I do hope you have managed to find Mum’s secret stash of sugar. Is her house warmer now she has replaced her windows? She was very pleased to have them done, to get rid of those leaky old ones and have them replaced with smart plastic ones. She even coped quite well with having a builder around.  It reminded me of when we did our building work. That was something of a learning experience for all of us.

Firstly, I learnt that wood really DOES float. Do you remember how the ducks started laying on the island? All those lovely big eggs and I couldn’t reach any of them. So, when we had the scaffolding up, after the builders had gone home for the day, I thought I might borrow some of the scaffolding planks and use them to walk across the mushy floor of the pond to raid the island. The bottom of the pond is full of silt and is very dangerous to walk in, so I figured, in my wisdom, that laying a plank across it would make a safe route. I lugged the heaviest plank I could carry up the garden and called grumpy eldest child to come and watch, so she could rescue me if I fell in.

She followed me up the garden muttering about revising for exams and that wood floats and my plan wouldn’t work. I could hardly carry the plank, it was so heavy, so I was sure she was wrong. She wasn’t (she rarely is.) I threw the great heavy plank into the pond and watched as it floated away.

I now had eggs on the island AND a plank of floating scaffold that I couldn’t reach. When the builders returned the next day I had to tell them that one of their planks was in the pond.
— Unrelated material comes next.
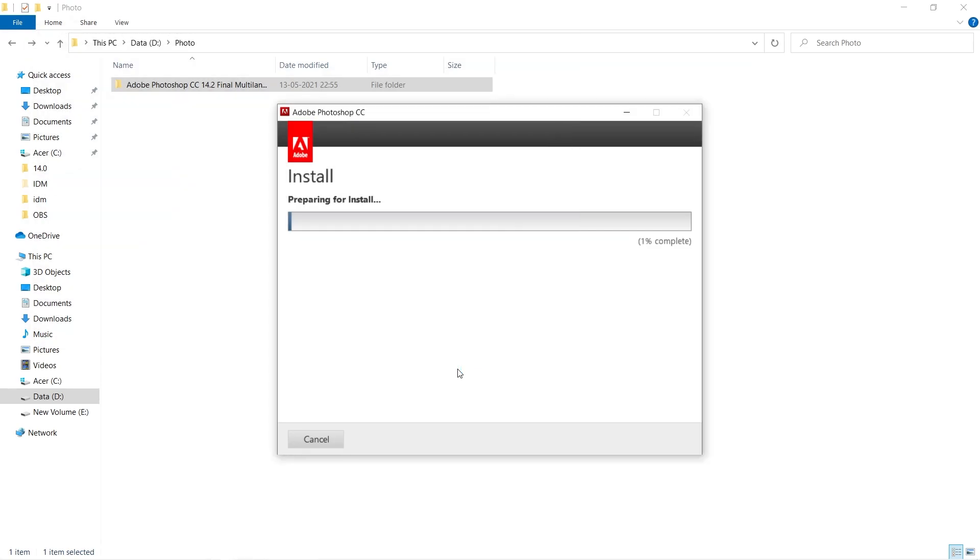Now this will take about 10 to 15 minutes and after that we are done with the installation of Photoshop.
I decided not to explain. They will have assumed it was one of the boys (which is an excellent reason for having children. They take the blame for all sorts of things.)
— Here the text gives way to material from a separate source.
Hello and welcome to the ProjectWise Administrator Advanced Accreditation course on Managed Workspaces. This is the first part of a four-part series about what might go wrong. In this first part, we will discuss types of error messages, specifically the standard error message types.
My next disaster also involved scaffolding. As you know, I am afraid of heights. It annoys me, seems silly to be scared of something so inconvenient. So I decided to conquer my fear and each evening, I would climb the ladders to the top of the scaffolding. I thought that if I went up to roof height every evening, eventually I would stop being frightened and my fear would be over. It didn’t work.

Going up was fine. But when I got to the top, my body just gave in to the phobia. My brain was telling myself it was fine, I was safe, sit up and look around. My arms and legs disagreed, shook compulsively and I thought I was going to faint. Very annoying. Husband was not impressed when he found me up there and had to come up and talk me back down the ladder. I decided to not try again the following night.

Husband had bit of a learning experience himself. We went to Spain that year for our holiday and he kept complaining of a pain in his side. He eventually went to the doctor and was told he had a hernia. I thought they were things old men got. I could not understand how city worker husband had got one. Then someone mentioned that he had been having weight lifting competitions with the boys, seeing who could lift the heaviest bit of scaffolding. It all made sense. I was perhaps not as sympathetic as he hoped, even though he assures me that he won the competition.

Do hope we don’t find Mum sitting on the roof – I’ll call you if I do.